Please return the full listing exactly as written, with the images removed.

Data extract:
Start of Block
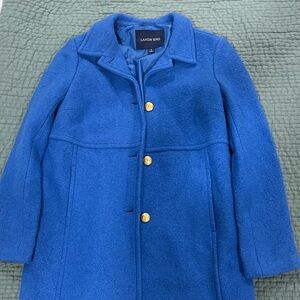 Lands' End womans Vibrant Blue Pea Coat size 6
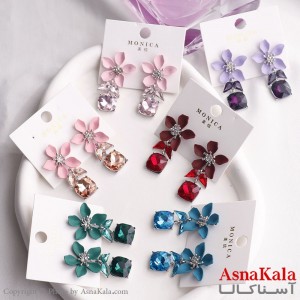 گوشواره آویز زنانه مدل گل نگینی استیل 316 کد GSH15609W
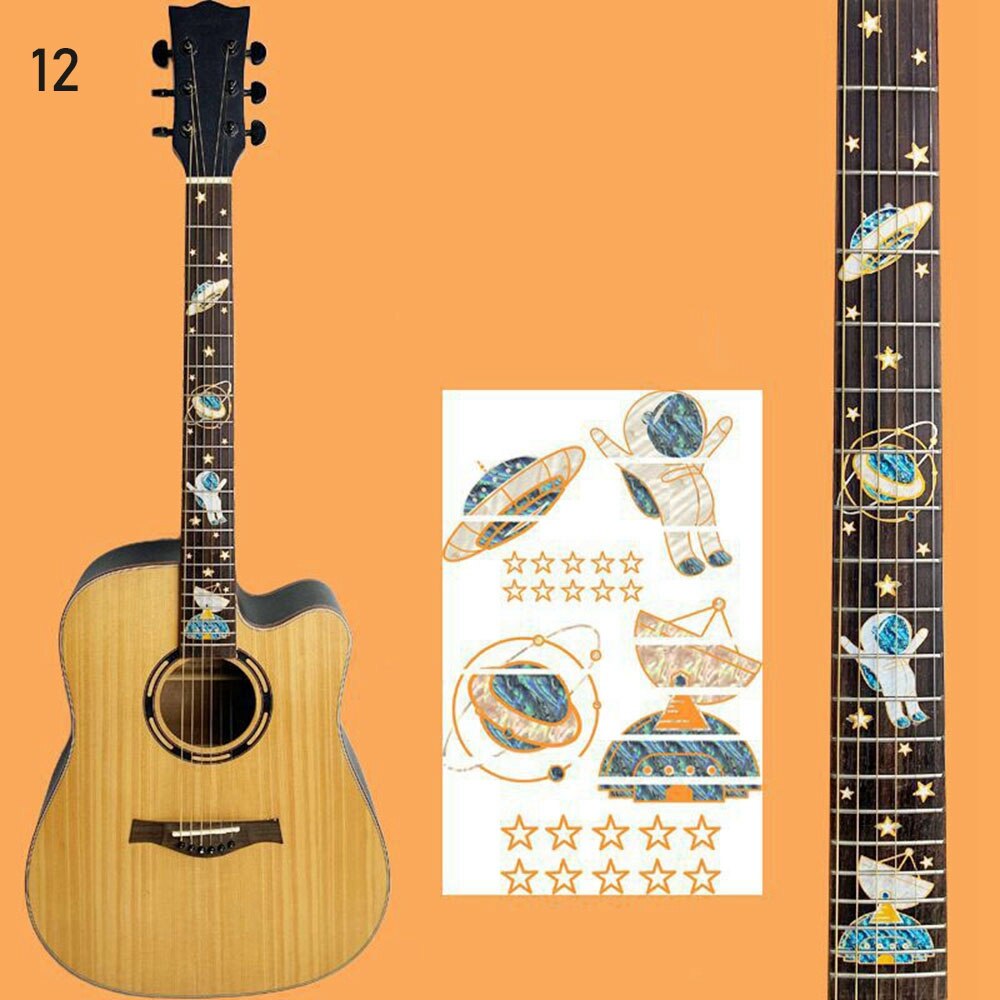 1 PC Ultra Thin Sticker Cross Inlay Decals Fretboard Sticker for Electric Acoustic Guitar Bass Guitarra Accessories: type12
End of Block
Response below:
 Lands' End womans Vibrant Blue Pea Coat size 6
 گوشواره آویز زنانه مدل گل نگینی استیل 316 کد GSH15609W
 1 PC Ultra Thin Sticker Cross Inlay Decals Fretboard Sticker for Electric Acoustic Guitar Bass Guitarra Accessories: type12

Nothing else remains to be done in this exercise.